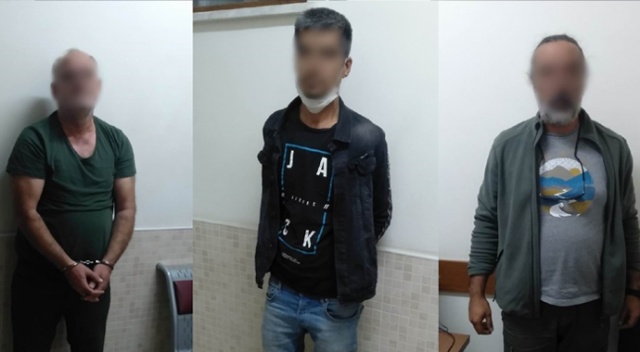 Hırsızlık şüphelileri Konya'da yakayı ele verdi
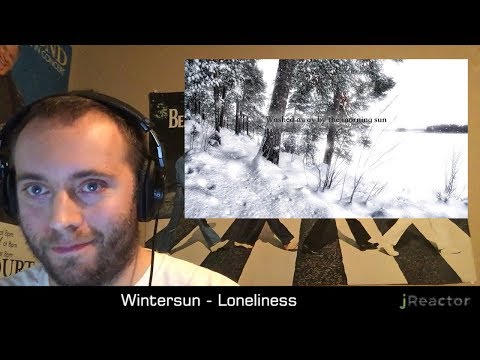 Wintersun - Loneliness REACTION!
...
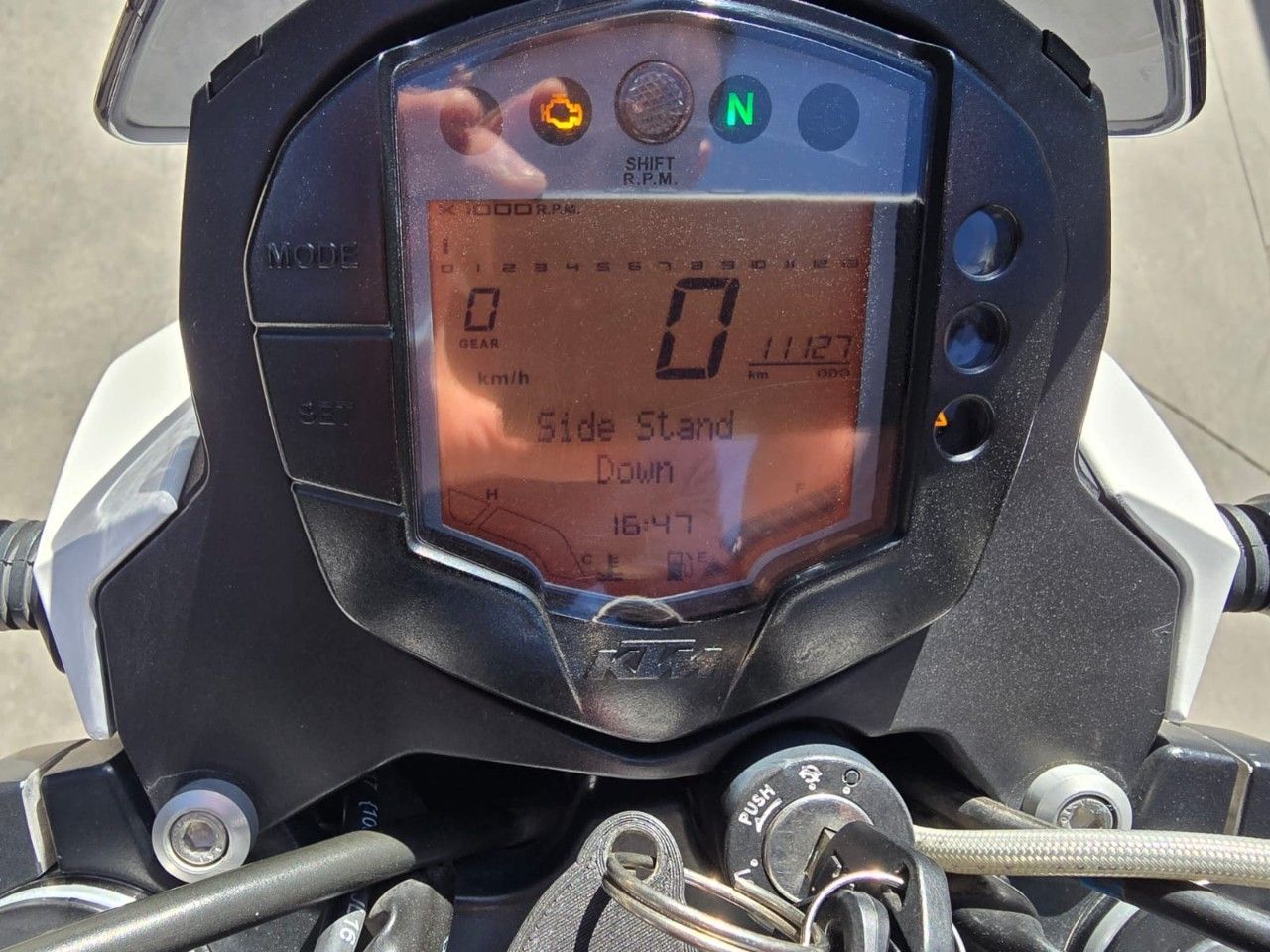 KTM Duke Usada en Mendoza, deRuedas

-- What the task asks --
What is needed is an exact copy of the lines above, from the one holding "Hırsızlık şüphelileri Konya'da" down to the one holding "Wintersun - Loneliness REACTION!", with those two included and the pictures left out.

-- Completed task --
 Hırsızlık şüphelileri Konya'da yakayı ele verdi
 Wintersun - Loneliness REACTION!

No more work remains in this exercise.